La famiglia-tipo del primo gruppo, a conti fatti, consuma più o meno quello con cui sopravvivono nove famiglie del secondo gruppo. Le statistiche, sappiamo bene, sono approssimazioni e non dicono la verità se non sui grandi numeri e tuttavia questa ingiustizia deve spingerci a qualche riflessione

1) E' forse il destino infame ad aver determinato questa situazione? Certo che no! Si tratta di specifiche e precise scelte politiche, scelte che prescindono dal colore politico del governo in carica. Destra e sinistra non sono soltanto un'unica "Casta" ma sono composte dalla stessa borghesia egoista e ignorante che domina l'Italia da un secolo e mezzo, sono tutti figli dei "padroni delle ferriere" e perseguono con feroce e implacabile coerenza i propri interessi di classe sociale. Quando ci spiegano che l'analisi della lotta di classe è tramontata significa soltanto che sono consapevoli di aver vinto.

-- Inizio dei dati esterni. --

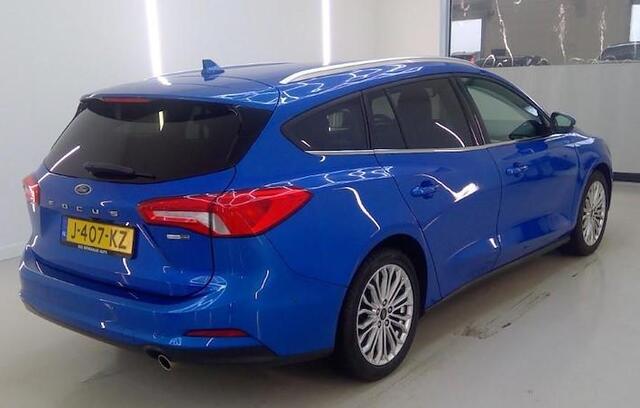 Ford FOCUS 125pk Titanium X Navi Camera Winter Parking Dodehoek pack Adap Cruise El. Klep Wagon Dealeronderhouden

2) Se quel 90% percepisse che effettivamente la "sinistra" si batte per i suoi interessi la premierebbe con un diluvio di voti. Invece, zerovirgola in più zerovirgola in meno, destra e sinistra raccolgono gli stessi voti da lustri, semplicemente perchè gli elettori non percepiscono chiare differenze tra i due gruppi e si orientano nel voto in modo casuale, dettato da ataviche simpatie, non certo per difendere i propri interessi, visto che non riescono davvero a trovare chi sia in grado di difenderli questi interessi.

3) Berlusconi rappresenta, con il suo feroce egoismo e il suo aperto perseguire il proprio esclusivo interesse, l'unico modello buono per tutti: cercare di emergere, a tutti i costi, in ogni modo; non importa se devi tradire, mentire, rubare, falsificare o peggio. E' la lotta brutale per la sopravvivenza personale, la logica del "grande fratello" (televisivo) secondo cui uno solo ce la fa e tutti gli altri sono destinati all'oblio. Berlusconi rappresenta perfettamente questa visione del mondo, lo spirito italiano di questi anni. Per questo motivo Berlusconi da decenni continua a tenersi a galla nella società italiana e da 15 anni galleggia nella politica italiana. Ed evito di dire che tipo di materia sia quella sulla quale galleggia.